Join our daily and weekly newsletters to get the latest updates and exclusive content on industry-leading AI coverage. More information
Chinese AI startup DeepSeek, known for challenging major AI vendors with its innovative open source technologies, today launched a new ultra-large model: DeepSeek-V3.
Available through hugging face According to the company’s licensing agreement, the new model comes with 671B parameters but uses a mixed expert architecture to activate only selected parameters, in order to handle given tasks accurately and efficiently. According to benchmarks shared by DeepSeek, the offering is already topping the charts, surpassing major open source models including Goal Flame 3.1-405Band closely matches the performance of Anthropic and OpenAI’s closed models.
The release marks another important advance that bridges the gap between closed and open source AI. Ultimately, DeepSeek, which started as an offshoot of the Chinese quantitative hedge fund High-level capital managementhopes that these developments will pave the way for artificial general intelligence (AGI), where models will have the ability to understand or learn any intellectual task that a human can perform.
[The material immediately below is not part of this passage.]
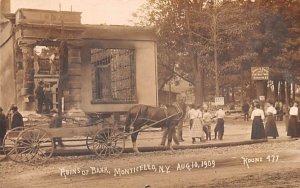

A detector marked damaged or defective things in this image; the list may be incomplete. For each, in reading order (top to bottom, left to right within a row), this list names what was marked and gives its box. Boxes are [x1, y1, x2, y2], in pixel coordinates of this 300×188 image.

fire-damaged building [0, 0, 158, 117]
burned bank ruins [0, 0, 158, 118]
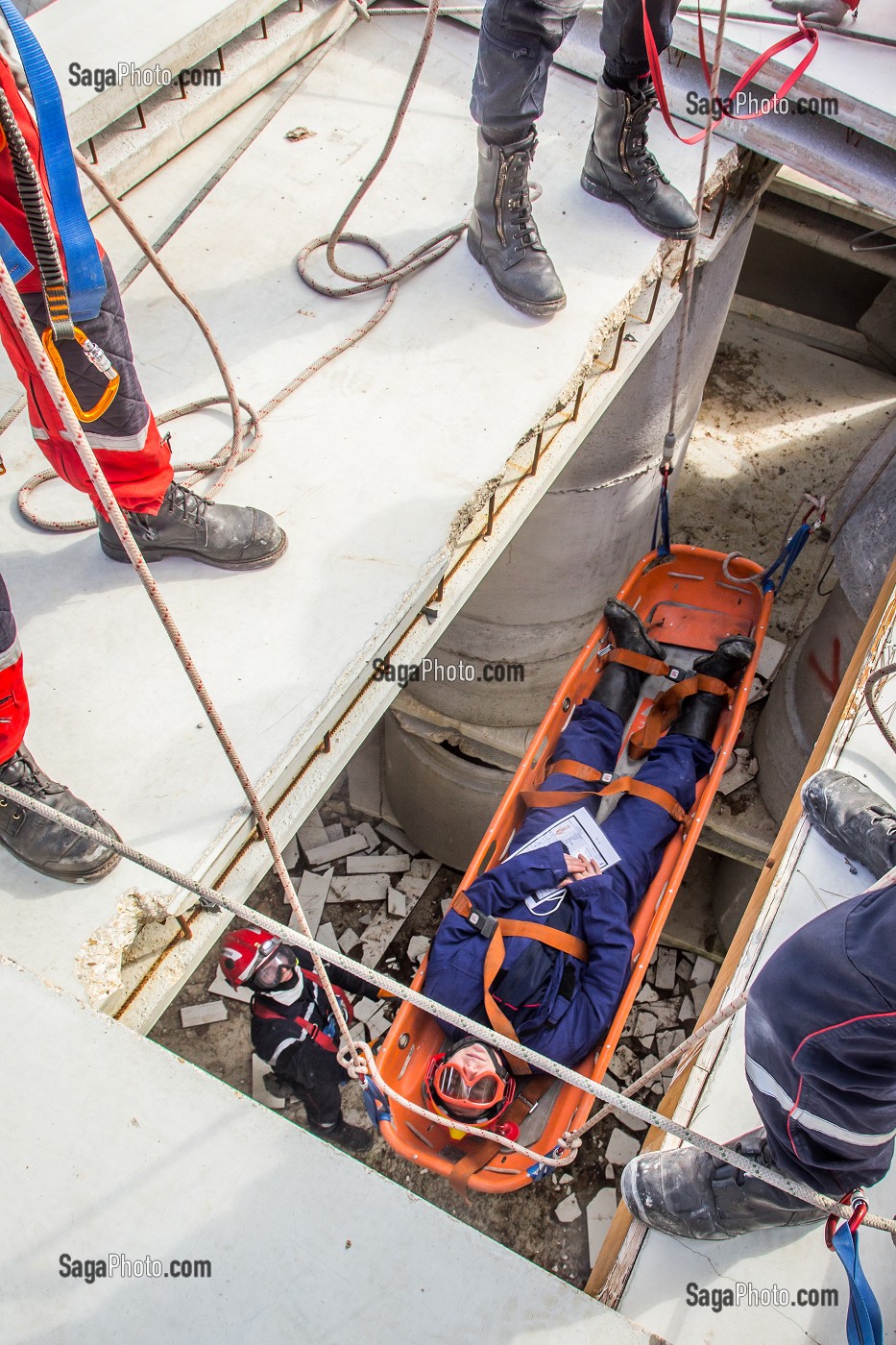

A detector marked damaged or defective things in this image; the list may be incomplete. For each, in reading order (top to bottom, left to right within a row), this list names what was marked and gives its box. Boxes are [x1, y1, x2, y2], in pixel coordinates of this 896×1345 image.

broken tile debris [179, 1000, 227, 1027]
What does DeepSeek-V3 provide?
Like its predecessor DeepSeek-V2, the new ultra-large model uses the same basic architecture that revolves around Multi-headed latent attention (MLA) and Deep SearchMoE. This approach ensures that efficient training and inference is maintained, with shared, specialized “experts” (individual, smaller neural networks within the larger model) activating 37 billion out of 671 billion parameters for each token.
While the basic architecture ensures solid performance for DeepSeek-V3, the company has also introduced two innovations to raise the bar even further.
The first is an auxiliary lossless load balancing strategy. This dynamically monitors and adjusts the load of experts to use them in a balanced way without compromising the overall performance of the model. The second is multi-token prediction (MTP), which allows the model to predict multiple future tokens simultaneously. This innovation not only improves training efficiency but allows the model to run three times faster, generating 60 tokens per second.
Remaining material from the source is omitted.